*** PROVIDED DATA ***

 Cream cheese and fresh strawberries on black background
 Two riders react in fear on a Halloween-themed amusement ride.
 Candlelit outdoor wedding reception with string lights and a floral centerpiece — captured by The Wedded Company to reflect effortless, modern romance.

*** End of PROVIDED DATA ***

■ WHAT YOU NEED TO DO
Line by line, repeat the listing exactly as written.

■ FINAL ANSWER
 Cream cheese and fresh strawberries on black background
 Two riders react in fear on a Halloween-themed amusement ride.
 Candlelit outdoor wedding reception with string lights and a floral centerpiece — captured by The Wedded Company to reflect effortless, modern romance.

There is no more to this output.